• _Given data_:
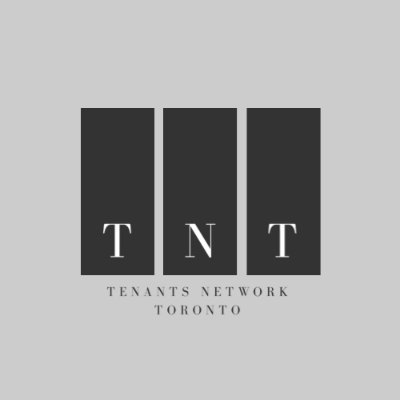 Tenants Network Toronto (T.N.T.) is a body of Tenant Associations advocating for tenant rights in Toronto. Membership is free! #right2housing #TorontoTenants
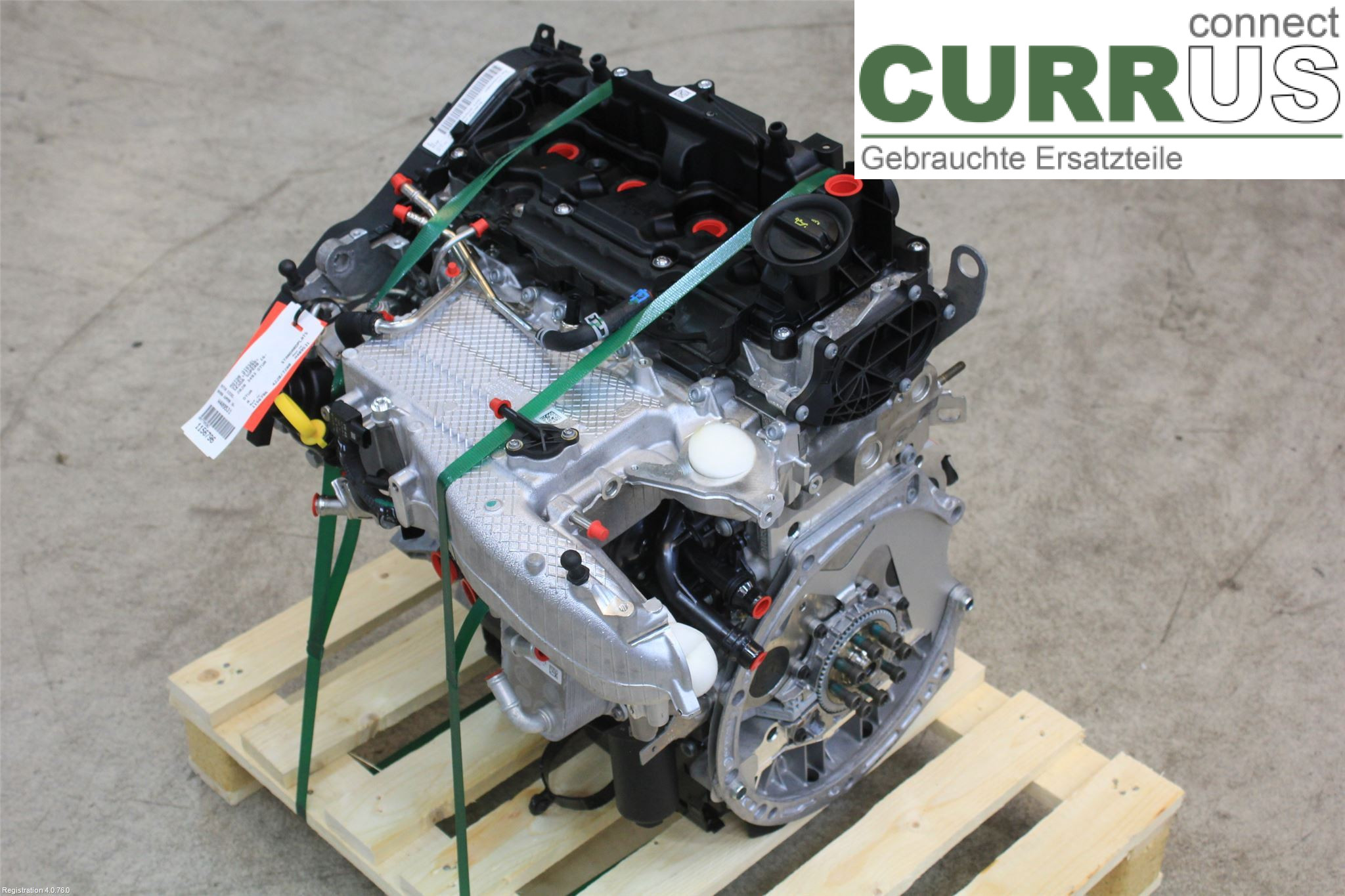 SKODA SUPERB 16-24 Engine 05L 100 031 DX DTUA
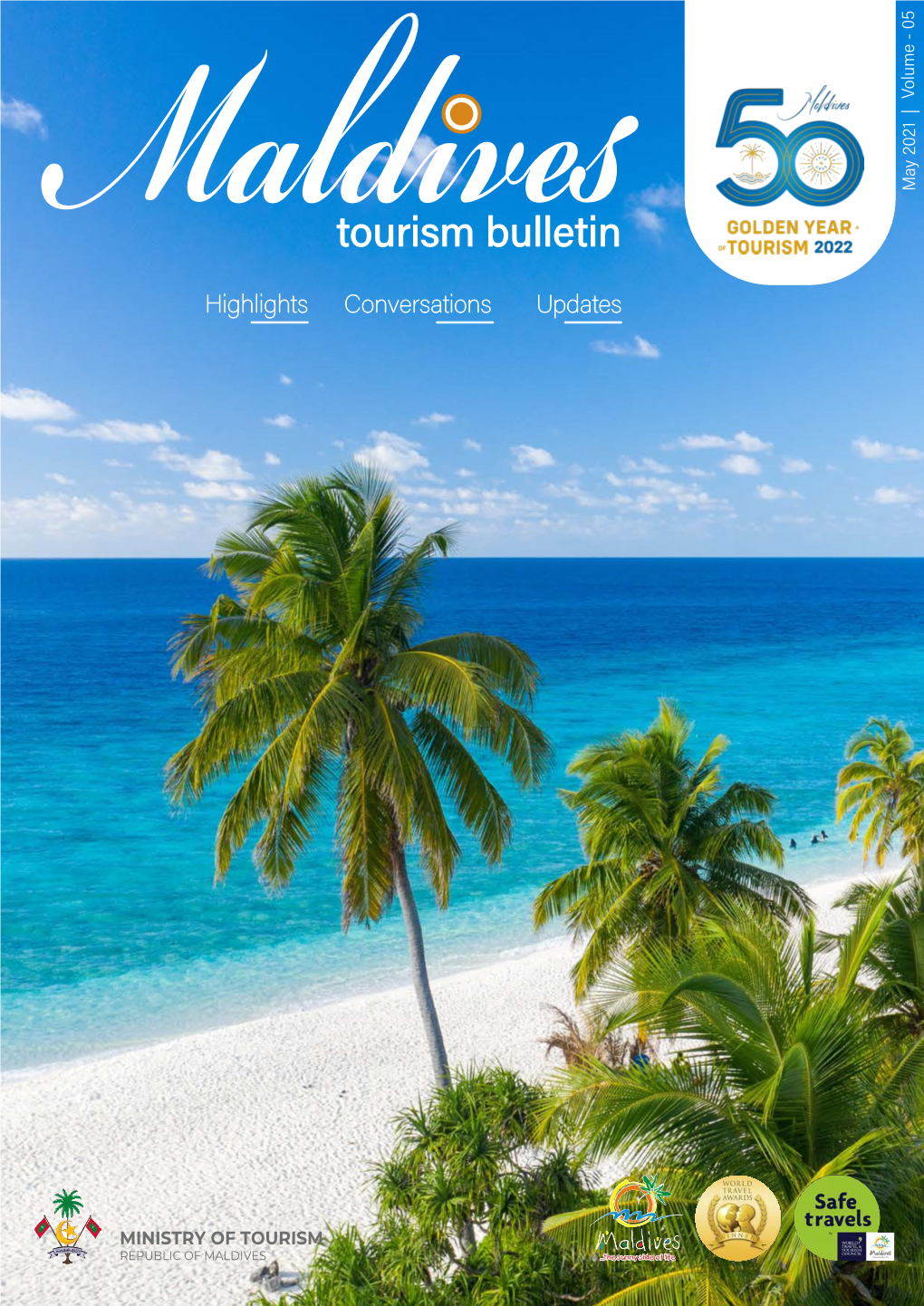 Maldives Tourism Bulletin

• _Your task_: Reproduce the material word for word. Any pictures should be left out of the copy.

• _Output below_:
 Tenants Network Toronto (T.N.T.) is a body of Tenant Associations advocating for tenant rights in Toronto. Membership is free! #right2housing #TorontoTenants
 SKODA SUPERB 16-24 Engine 05L 100 031 DX DTUA
 Maldives Tourism Bulletin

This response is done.